山口に移住して1年目は、海が近くて、山があって、みんな優しくて、楽しくて、という生活でした。でも2年目は、すごくツラくなったこともあります。なぜかというと、みなさんが事業に賛成してくださっても、物事が進むスピードがとてもゆっくりだったり、地元の方々が新しい提案に腹落ちしておられなくて、私が空回りしたり、ということがありました。

 

「新しく始めよう」といっても簡単には動けないこれまでの経緯がありますよね。皆さんの都合があります。でも日本人特有の優しさがあって、はっきり反論もされないから、どうしたらいいかわからなくて、という時期でした。アメリカに馴染んだ自分の文化と日本の文化の違いを感じました。

 

── そして、東京に戻ってきて、一般財団法人社会変革推進財団(SIIF)に入られて、フィランソロピー・アドバイザーとして活動されることになったんですね。

 

藤田さん:
地域活性化の取り組みへの限界を感じましたが、ソーシャルビジネスへの関心は揺るぎなくあったので、社会的活動をしている組織に属そうと思ったんです。

 

富裕層の方が自分のお金を運用、相続するとき、ひとつの方法として、社会のために使いたいという方もいて、そのような方々の寄付先や投資先を一緒に考えていく仕事です。

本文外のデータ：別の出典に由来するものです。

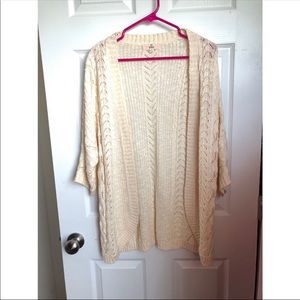 3/4 sleeve Cream cardigan with pockets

たとえば子どもの支援がしたい方には、子どもに関する社会課題に取り組む寄付先を調べてご紹介するなどです。

 

今の環境は金融出身者が少ないので、共通感覚は異なるところがありますが、その分、自分がいる意味があると感じます。社会に良いことを実現しようとする方は社会学を学んでこられた方が多く、私のように銀行系のキャリアの者が入るのは良いミックスになると思っています。

 

今、自分がやりたいことが明確で、経験が詰めていて、とてもラッキーで楽しいですね。

 

笑顔で仕事について語る藤田さん

── これから先どうなっていくでしょうか。

 

藤田さん:
今やっている仕事はとても意味があることだと思っているので、日本でこの活動が増えるように70歳ぐらいまでは仕事したいと思っています。